Andrea Bowers fits nicely into the intersection of feminist and activist art. Her methodology seems to include multi-media interpretations of her research into a single topic. After a period of extensive research, she produced a series of works focusing on letters between Emma Goldman and her longtime lover, Ben. Bowers’s deep admiration for Emma Goldman is not surprising. Goldman, herself an early feminist activist and anarchist, was what Bowers described as a “party girl”: a sort of socialite with an attitude, and in her black leather boots and soft grey pants, it seemed that Bowers had found a connection with this woman that ran deeper than a research subject. Her research was conducted through a third party of sorts, Goldman’s biographer, Candace. This daisy-chain of women passing information adds a significant layer to her drawings and artwork produced on this topic. As she chronicled Goldman’s life through her artwork, it became clear that much of it was a tribute to the way she lived her carefree yet lonely life. The most intriguing pieces of the Emma Goldman works were the photorealist drawings of Goldman at rallies and protests, giving speeches and taking action in the name of her rights. By drawing something in exquisite detail, Bowers explained, she really understands it and absorbs it as part of herself.
Her next project spawned off of the same protest and activist themes. Selecting gift wrap as her paper medium, she spray painted feminist and anarchist slogans onto poster-sized pieces. These posters are unique, each with a different gift wrap background and message. She later commented that she saw the gift wrap as a symbol of femininity and domesticity, but impermanence and disposability was the first issue that came to light for this viewer. Perhaps a hybrid of these two ideas was at play; the flowery papers signifying an end to feminine struggles more than the mottos they display.
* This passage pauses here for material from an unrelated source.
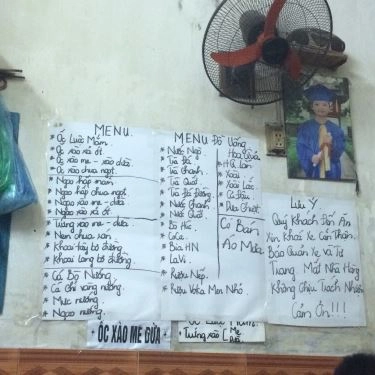 Thực đơn- Quán Ăn Ốc Nóng & Trứng Cút Lộn - Thụy Khuê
Though distinctly feminist at times, her body of activist artwork seems to explore general human rights issues. When Elvira Arellano, an undocumented Chicagoan who faced deportation although her son was an American citizen, took refuge in her church, Bowers became fascinated once again with new images of protest. Her three channel video piece, entitled An Act of Radical Hospitality (2008), explores the human side of the issue with a painstakingly long zoom on Elvira alone, with her son, and the son without her. Each features the subject staring directly at the viewer, questioning the traditional passive viewer format. Bowers explored the effect of art that looks back.
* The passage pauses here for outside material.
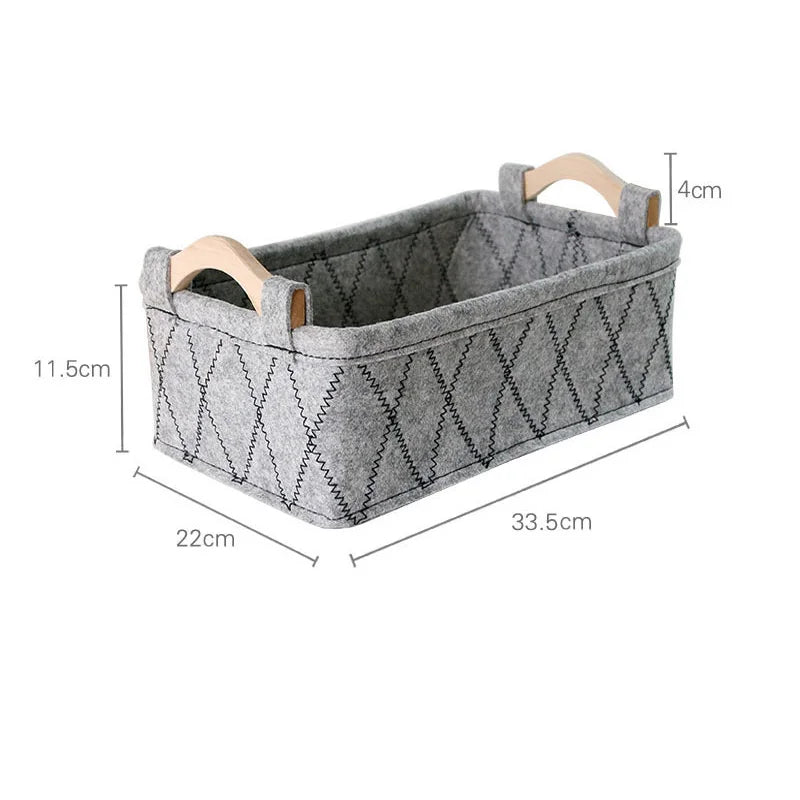 Cesta de Almacenamiento de Fieltro con Asa de Madera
The most effective part of this collection of pieces for me was the display of the two yellow quilts inspired by a sign in Elvira’s church, Quilts of radical Hospitality (2008). Each quilt says “I was a stranger and you welcomed me” in either English or Spanish. The English phrase is written on a traditional Mexican style blanket, and the Spanish on an American Log Cabin quilt. Again she reverts to a feminine medium to embed in her work a whole other issue. She continued with a quilting theme in her most recent works concerning the AIDS quilt. These displays harken back to her photorealist drawings as she studies one panel of the massive quilt and copies it directly.
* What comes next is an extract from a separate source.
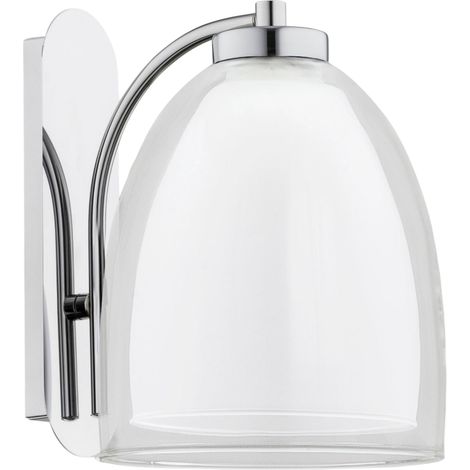 Alfa RONDA Chrome Wall Sconce Light with Clear Glass Shade, Modern Decorative Indoor Wall Lamp, 1xE27 Socket Max 15W, Dimmable Ready, IP20, 24x23x17 cm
While I find much of Bowers’s work to be an effective representation of pressing issues such as immigration, AIDS awareness, or international relations, she tends to leave glaring fingerprints of herself where she doesn’t have enough content to round out a piece. She starts with effective, fairly potent ideas and dilutes them with choices that incorporate too many issues, leaving some pieces simple at best and unfocused at worst.